Reste donc à le faire au sein de l’OSCE. Cependant, ce sera un projet très risqué. La Russie veut certainement renforcer l’OSCE dans le sens légal. Cependant, comme nous avons vu ci-dessus, son but est probablement aussi de réduire l’acquis de l’OSCE. Il faut donc établir un certain nombre des lignes rouges, conformément à la Charte de Paris[23] et à la Charte de Sécurité Européenne adoptée à Istanbul 1999[24]. Il s’agit surtout des points suivants : notre sécurité est coopérative (au lieu de basée sur des menaces militaires), globale (la sécurité n’est pas que militaire) et indivisible (la sécurité des uns est dépendant de la sécurité et les droits de l’homme de tous les autres). Puis il faut reconnaître que la mis mise en œuvre de bonne foi de tous les engagements constitue « notre acquis commun et [nous] estimons donc qu’ils sont d’un intérêt immédiat et légitime pour tous les Etats participants.[25] Il faut aussi réaffirmer le droit de chaque état de choisir son adhésion, ou non, aux alliances. Tous les états ont le même droit à la sécurité, en conséquence on ne peut admettre l’existence de sphères d’influence. [26]
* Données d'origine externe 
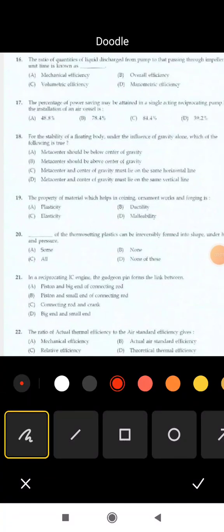Welcome to Civil Mediastiffs. The percentage of power saving attained in a single-acting reciprocating pump under the installation of an air vessel is: options are 48.8%, 78.4%, 84.4%, 39.2%. The correct answer is option C: 84.4%.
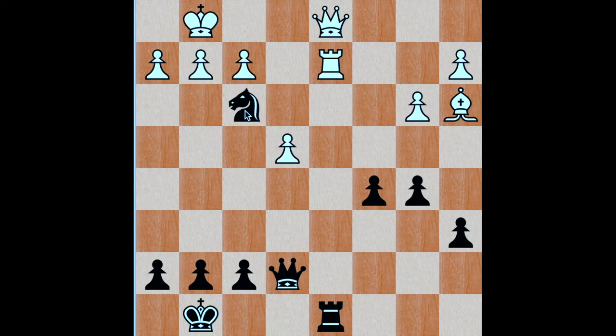Basically white has three options here. One: capturing the knight with the queen. The second option: capturing the knight by pawn. Or third: evading the check by moving the king. Let's go through them one by one. The first option — the queen captures the knight — results in the loss of material. Rook captures the rook and black wins easily.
Il ne faut donc pas s’engager dans des négociations sur la base « d’une table vide » mais sur l’acquis de l’OSCE. Car si la diplomatie russe formule la base des négociations on risque fortement de se trouver dans une spirale infernale. Il vaut mieux que les occidentaux formulent une proposition. Ainsi on laisse aux Russes le soin de décider s’ils veulent jouer le jeu ou non. Si oui, on aura une base solide pour faire intégrer la Russie dans la sécurité Euro-Atlantique. Dans l’autre cas, si non, la Russie aura bien montré de l’image « éternelle » ou même « revanchiste » laquelle est la vraie. Ensuite, ce sera à l’OTAN et à la politique de sécurité et de défense commune (PSDC) d’en tirer les conséquences. Une telle démarche peut donc servir comme un test de la bonne volonté de la Russie.
Une telle proposition devrait, dans l’idéal, être élaborée par l’UE sous la responsabilité de la Haute Représentante et/ou le Secrétaire Général de l’OTAN. Cependant, l’expérience montre qu’une telle démarche risque de devenir très lente et pénible avec comme conséquence une perte d’initiative. Mieux vaut donc une proposition faite par quelques états clés comme l’Allemagne, les États-Unis, la France et la Grande Bretagne basée sur des dialogues bilatéraux avec les autres États participants.
Des négociations militaires
Certes, toutes les trois dimensions de l’OSCE sont importantes. Cependant, la Russie étant encore un état traditionnelle, elle se soucie en particulière de sa sécurité militaire. Il faut donc trouver des moyens de la faire rassurer sans pour autant d’affaiblir la sécurité d’autres, surtout les petits états qui forment son voisinage la plus immédiate.
Aujourd’hui la sécurité de l’Europe est soutenu par un nombre des accords politico-militaires où les quatre suivantes sont les plus importants: le traité FCE-A (traité FCE adapté), le traité Ciel Ouvert (CO), le Document de Vienne 1999 (DV 99) et le Code de Conduite relatif aux Aspects Politico-Militaires de la Sécurité (CdC). Ces accords forment un ensemble mutuellement complémentaire et visent à créer une zone caractérisée de confiance, de prédictibilité, de transparence et de coopération. [27] Chaque régime a des spécificités particulières.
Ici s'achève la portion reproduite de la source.